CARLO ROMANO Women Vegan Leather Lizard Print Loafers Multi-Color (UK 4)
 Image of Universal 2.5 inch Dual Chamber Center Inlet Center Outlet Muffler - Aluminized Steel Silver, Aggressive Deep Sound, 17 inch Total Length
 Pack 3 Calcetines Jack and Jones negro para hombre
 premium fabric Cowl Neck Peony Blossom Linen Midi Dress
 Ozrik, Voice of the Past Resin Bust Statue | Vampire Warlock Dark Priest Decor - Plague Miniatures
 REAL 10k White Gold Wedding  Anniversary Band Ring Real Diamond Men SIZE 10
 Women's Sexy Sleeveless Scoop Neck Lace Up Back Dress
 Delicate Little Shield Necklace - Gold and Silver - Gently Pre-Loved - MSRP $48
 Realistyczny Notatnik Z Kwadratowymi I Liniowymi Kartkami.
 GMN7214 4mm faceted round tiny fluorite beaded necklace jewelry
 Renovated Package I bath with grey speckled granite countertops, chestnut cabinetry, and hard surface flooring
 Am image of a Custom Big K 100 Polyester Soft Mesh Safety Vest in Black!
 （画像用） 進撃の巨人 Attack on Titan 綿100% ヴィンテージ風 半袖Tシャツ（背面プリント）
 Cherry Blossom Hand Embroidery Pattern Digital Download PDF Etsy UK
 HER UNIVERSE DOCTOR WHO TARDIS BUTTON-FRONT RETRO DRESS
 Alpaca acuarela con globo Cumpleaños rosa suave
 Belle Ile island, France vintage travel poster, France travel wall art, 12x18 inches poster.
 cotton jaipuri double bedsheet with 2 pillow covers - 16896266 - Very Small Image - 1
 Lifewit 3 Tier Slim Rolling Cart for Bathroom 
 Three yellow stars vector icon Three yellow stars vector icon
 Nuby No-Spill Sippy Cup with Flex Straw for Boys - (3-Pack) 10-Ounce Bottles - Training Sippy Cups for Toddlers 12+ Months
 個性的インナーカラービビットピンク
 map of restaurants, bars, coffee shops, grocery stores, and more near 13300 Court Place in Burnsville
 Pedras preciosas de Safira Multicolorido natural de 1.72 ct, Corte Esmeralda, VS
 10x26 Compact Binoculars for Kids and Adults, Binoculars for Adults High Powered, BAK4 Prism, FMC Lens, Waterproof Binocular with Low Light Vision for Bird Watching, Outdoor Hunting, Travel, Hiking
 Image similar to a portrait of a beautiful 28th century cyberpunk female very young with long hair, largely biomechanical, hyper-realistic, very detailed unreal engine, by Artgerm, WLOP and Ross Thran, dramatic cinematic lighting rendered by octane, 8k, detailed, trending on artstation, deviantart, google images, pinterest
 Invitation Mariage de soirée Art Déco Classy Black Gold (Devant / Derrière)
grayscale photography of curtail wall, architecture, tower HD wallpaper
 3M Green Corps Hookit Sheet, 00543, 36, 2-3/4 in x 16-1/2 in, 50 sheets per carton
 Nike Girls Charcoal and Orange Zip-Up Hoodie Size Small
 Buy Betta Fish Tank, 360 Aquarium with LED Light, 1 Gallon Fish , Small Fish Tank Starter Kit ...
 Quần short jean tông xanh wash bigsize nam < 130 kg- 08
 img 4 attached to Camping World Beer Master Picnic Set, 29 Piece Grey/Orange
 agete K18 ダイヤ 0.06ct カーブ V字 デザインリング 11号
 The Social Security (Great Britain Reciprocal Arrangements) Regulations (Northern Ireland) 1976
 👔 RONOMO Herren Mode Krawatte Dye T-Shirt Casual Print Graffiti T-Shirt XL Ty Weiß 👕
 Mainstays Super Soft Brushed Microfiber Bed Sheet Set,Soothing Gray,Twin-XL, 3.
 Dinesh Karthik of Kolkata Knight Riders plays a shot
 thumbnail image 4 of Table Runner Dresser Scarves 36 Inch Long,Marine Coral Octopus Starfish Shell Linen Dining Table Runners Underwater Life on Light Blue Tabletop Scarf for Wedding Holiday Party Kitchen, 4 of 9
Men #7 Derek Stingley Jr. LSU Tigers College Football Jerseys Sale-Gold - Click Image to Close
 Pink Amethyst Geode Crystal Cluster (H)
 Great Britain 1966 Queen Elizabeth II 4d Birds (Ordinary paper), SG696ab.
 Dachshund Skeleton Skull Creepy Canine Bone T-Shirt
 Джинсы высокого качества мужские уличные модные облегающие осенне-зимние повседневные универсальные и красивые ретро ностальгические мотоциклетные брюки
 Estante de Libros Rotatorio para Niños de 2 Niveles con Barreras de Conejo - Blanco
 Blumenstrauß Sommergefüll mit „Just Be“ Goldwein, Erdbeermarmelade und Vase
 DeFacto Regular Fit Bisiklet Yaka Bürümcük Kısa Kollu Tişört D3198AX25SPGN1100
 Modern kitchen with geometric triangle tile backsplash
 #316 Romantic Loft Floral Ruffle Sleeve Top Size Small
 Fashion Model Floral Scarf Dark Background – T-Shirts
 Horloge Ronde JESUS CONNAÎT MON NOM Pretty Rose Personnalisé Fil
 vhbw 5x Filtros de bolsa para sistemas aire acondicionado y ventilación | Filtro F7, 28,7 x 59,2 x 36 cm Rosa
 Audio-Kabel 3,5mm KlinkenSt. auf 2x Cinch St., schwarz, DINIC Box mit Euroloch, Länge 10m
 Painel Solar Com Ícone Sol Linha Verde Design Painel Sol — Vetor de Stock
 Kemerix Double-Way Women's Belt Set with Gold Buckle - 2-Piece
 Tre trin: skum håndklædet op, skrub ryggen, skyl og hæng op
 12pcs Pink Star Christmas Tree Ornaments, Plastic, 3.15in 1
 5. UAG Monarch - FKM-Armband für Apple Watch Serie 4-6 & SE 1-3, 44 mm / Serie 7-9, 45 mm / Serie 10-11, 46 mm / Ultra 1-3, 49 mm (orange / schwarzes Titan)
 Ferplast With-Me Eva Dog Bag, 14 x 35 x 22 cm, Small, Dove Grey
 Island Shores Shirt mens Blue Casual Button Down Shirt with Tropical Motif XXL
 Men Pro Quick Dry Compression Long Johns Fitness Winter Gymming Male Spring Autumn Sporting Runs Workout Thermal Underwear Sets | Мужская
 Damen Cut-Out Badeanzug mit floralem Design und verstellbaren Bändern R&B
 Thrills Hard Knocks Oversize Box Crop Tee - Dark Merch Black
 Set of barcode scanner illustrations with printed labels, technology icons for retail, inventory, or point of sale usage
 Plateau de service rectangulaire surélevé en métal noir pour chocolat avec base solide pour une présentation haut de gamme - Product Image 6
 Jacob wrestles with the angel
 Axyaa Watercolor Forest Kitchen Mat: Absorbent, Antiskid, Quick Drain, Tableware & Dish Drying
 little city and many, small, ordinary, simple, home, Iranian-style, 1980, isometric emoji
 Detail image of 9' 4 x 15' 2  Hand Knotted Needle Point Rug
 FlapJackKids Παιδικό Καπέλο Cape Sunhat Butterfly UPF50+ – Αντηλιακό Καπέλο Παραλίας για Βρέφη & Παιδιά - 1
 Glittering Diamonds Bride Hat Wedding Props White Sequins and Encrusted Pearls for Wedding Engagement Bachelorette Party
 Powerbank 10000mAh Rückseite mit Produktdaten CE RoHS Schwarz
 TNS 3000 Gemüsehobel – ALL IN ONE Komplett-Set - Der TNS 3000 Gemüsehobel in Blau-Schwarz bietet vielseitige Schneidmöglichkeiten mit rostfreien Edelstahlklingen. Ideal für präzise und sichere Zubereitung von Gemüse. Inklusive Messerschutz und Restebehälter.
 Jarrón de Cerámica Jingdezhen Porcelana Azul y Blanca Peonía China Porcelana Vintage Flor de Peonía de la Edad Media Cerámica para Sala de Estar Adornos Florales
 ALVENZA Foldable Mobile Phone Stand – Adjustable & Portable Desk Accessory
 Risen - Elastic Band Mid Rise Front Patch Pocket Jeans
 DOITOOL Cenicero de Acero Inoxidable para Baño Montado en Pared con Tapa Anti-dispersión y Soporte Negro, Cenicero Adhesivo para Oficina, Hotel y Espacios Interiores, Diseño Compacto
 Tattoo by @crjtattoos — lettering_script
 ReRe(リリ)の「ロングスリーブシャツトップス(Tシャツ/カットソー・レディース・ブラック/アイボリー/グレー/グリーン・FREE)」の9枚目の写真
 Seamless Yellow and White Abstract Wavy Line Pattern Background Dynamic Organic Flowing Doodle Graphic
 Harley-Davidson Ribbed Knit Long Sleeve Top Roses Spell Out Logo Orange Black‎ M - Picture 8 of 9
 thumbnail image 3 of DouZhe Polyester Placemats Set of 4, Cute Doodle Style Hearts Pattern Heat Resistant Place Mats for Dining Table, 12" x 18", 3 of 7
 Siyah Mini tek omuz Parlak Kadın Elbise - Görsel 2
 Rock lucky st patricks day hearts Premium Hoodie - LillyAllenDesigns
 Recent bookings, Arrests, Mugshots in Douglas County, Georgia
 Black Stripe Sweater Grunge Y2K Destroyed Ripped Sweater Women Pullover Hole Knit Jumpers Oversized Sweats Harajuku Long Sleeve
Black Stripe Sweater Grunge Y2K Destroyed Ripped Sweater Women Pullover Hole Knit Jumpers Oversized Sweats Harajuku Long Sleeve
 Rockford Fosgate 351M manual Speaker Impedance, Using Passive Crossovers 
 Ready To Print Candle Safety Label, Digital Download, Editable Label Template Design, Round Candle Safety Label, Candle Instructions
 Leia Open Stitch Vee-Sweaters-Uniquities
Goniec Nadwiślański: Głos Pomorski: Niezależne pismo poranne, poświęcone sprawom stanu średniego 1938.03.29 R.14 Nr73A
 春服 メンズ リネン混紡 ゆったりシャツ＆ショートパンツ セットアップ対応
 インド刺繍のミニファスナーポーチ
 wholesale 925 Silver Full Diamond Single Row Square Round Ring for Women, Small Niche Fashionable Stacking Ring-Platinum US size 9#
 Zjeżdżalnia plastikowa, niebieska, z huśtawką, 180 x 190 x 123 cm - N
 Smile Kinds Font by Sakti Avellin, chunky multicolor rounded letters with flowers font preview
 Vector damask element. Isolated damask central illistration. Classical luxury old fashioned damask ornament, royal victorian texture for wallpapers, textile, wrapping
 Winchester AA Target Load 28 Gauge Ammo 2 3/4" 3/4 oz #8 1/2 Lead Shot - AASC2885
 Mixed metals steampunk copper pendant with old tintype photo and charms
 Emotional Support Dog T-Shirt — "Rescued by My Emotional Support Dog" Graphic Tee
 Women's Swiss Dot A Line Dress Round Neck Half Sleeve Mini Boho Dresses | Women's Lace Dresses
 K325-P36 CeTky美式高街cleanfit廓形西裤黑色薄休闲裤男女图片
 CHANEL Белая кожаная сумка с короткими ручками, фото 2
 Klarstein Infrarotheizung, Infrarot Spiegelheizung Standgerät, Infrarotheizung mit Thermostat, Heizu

___

__TASK DIRECTIONS__. If a line above contains the word "Hand", it counts; state how many lines count, and nothing more.

__TASK OUTPUT__. 2